START GIVEN DATA
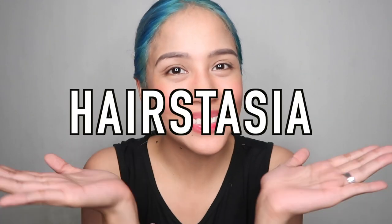Hello everyone! Welcome to my channel. Today is another episode of HAIRSTASIA!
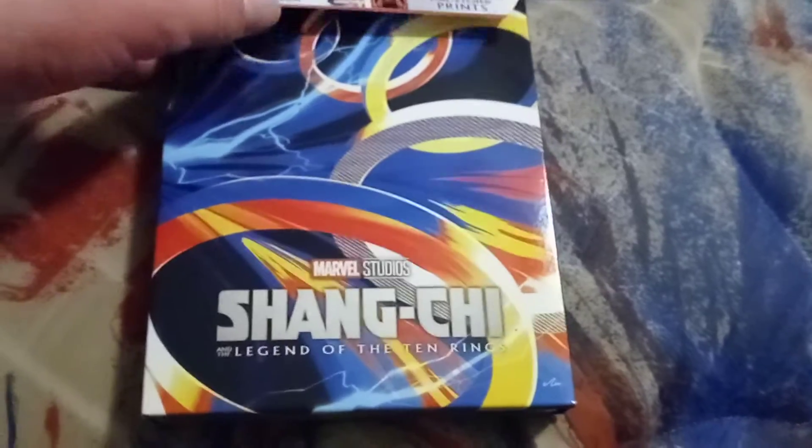All right, the wrapper is off. Let's take out the J-card. No glue dots for this one — yay, I love it!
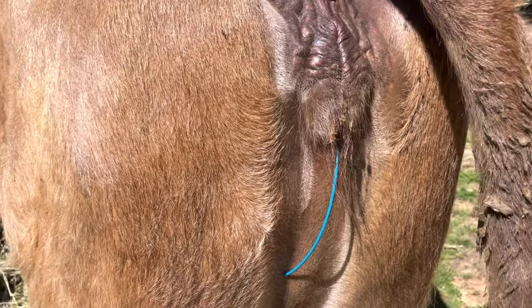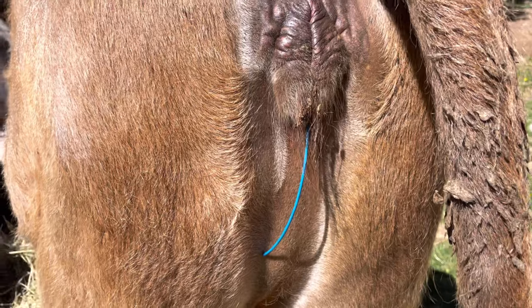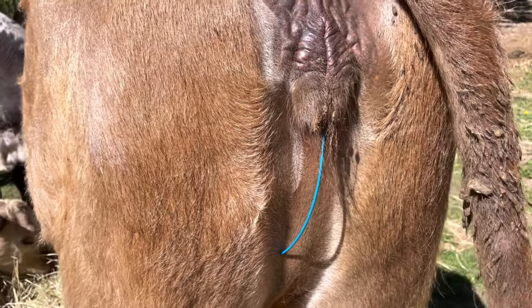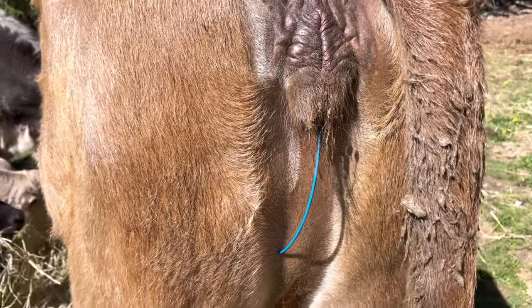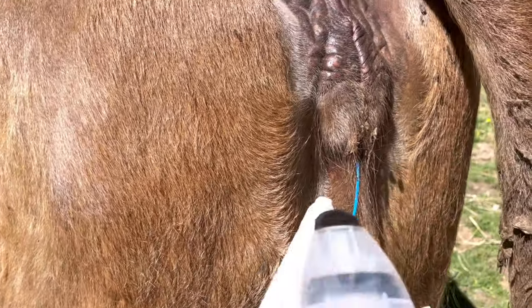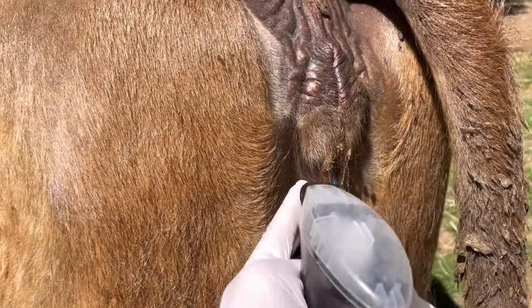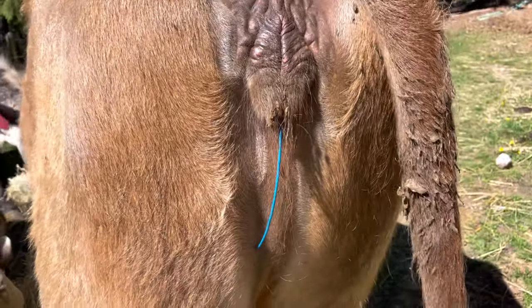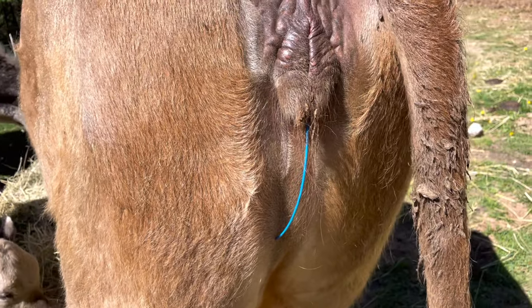Here's what it looks like on Honey. You can see that the tail is sticking down, and that's what we'll be using to remove it when the time comes. You can understand that if it was sticking up and out, the cows would nibble on it. But this stays nice and flush with their body and the cows don't typically bother it on each other.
END GIVEN DATA
**TASK TO COMPLETE**
Everything in the listing above, apart from its pictures, must be repeated exactly.

**RESULT**
Hello everyone! Welcome to my channel. Today is another episode of HAIRSTASIA!
All right, the wrapper is off. Let's take out the J-card. No glue dots for this one — yay, I love it!
Here's what it looks like on Honey. You can see that the tail is sticking down, and that's what we'll be using to remove it when the time comes. You can understand that if it was sticking up and out, the cows would nibble on it. But this stays nice and flush with their body and the cows don't typically bother it on each other.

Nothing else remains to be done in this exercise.